A Beginner’s Guide to Survey Analysis

We’re all reimagining how we do things, developing new skills, pitching-in, and figuring stuff out. When it comes to market research and data analysis, we can help fast track your survey analysis skills.

In this webinar you will learn

Here’s a little summary of some of the subjects we cover in this webinar

If you’re:

  • Starting out in the consumer insights or market research industry
  • Working in client services but have never done analysis yourself
  • Part of a marketing team that now has to DIY

- then let us show you how to analyze survey data!

Transcript

I'm going to walk you through the basics of how to analyze a survey. We've put this together for complete novices of this topic, so if you've never gone through all the step in analyzing a survey on your own, this webinar is for you.
I will take you through eight stages of analyzing a survey.

Case study

And, we will do it using a case study, where we explore how likely people were to buy this product concept. Please take a moment to read it.

 

Getting the right type of data file

The first stage in analyzing a survey is getting data in the right format. This is the first big mistake that people make when they analyze surveys. They click the export button in their data collection software and get an Excel or CSV file. And they try and analyze this data. But Excel and CSV files weren't invented for survey analysis. Yes, you can use them, but you will double the time it takes to do analysis and you will likely make lots of mistakes.
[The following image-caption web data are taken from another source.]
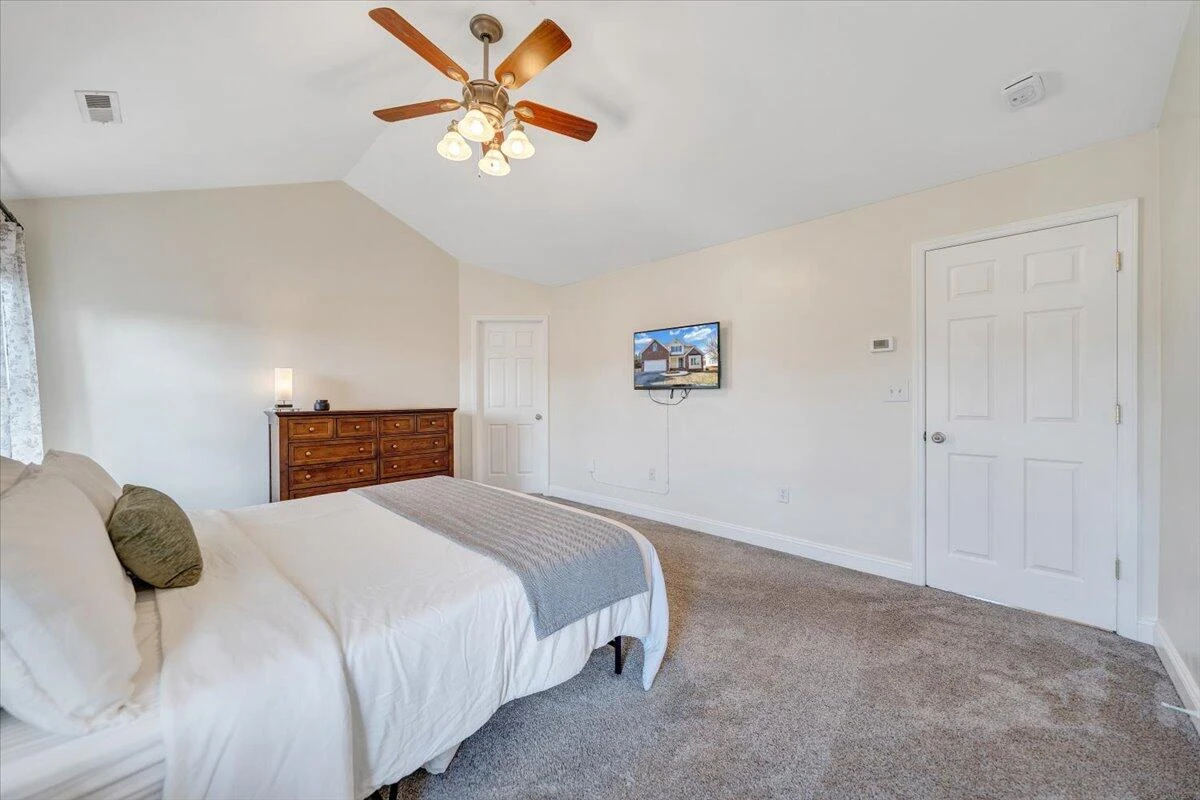 7915 Lanasey DR - Photo 27
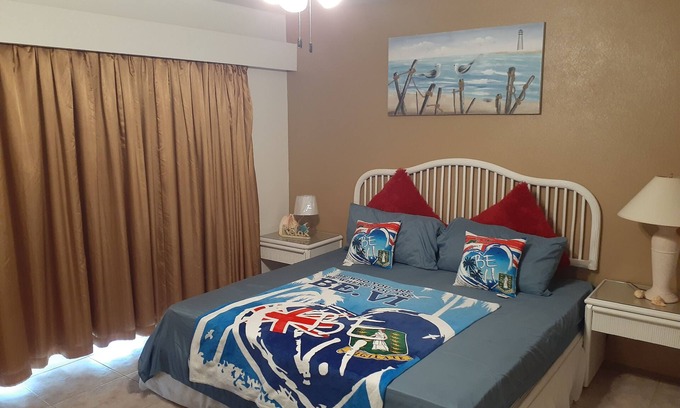 West End Villa | Beachfront holiday villa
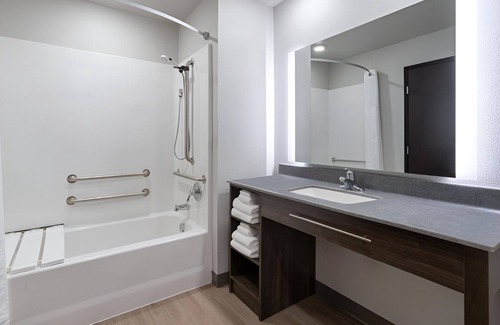 Ashwaubenon Hotel | 4 Pet-Friendly Rooms Near Green Bay Botanical Garden & National Railroad Museum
There are three great data file formats specifically designed for surveys:

  • The most well-known was invented many years ago by a division of IBM called SPSS. This file format is the industry standard and used by just about all survey analysis software.
  • These files are called SPSS data files or .sav files.
  • Two even better file formats are MDD and Triple S. They're a bit harder to get.
  • And, if you are using Displayr, you can do even better and import your data straight from SurveyMonkey and Qualtrics into Displayr.

 

What marginally OK data looks like

But, let's say you just can't get one of these better data files, and need to use Excel or CSV files. You then often need to spend a bit of time tidying it up before you import it.

You need

  1. Row 1 to show what the data means
  2. You want a unique ID for each respondent
  3. Each respondent's data should be in one and only 1 row
  4. Where you can, store the data numerically.
  5. If you have multi-pick questions, you want them set up with 1s and 0s, like shown here.

 

What terrible data looks like

Terrible data is data that looks different to what I just described. If you try and import data like what's on the screen now, you will end up with lots of problems.

 

What impossible-to-analyze data looks like

And, if your data is already tabulated, you're basically stuffed, and you will just get error messages if you try and import tables like this.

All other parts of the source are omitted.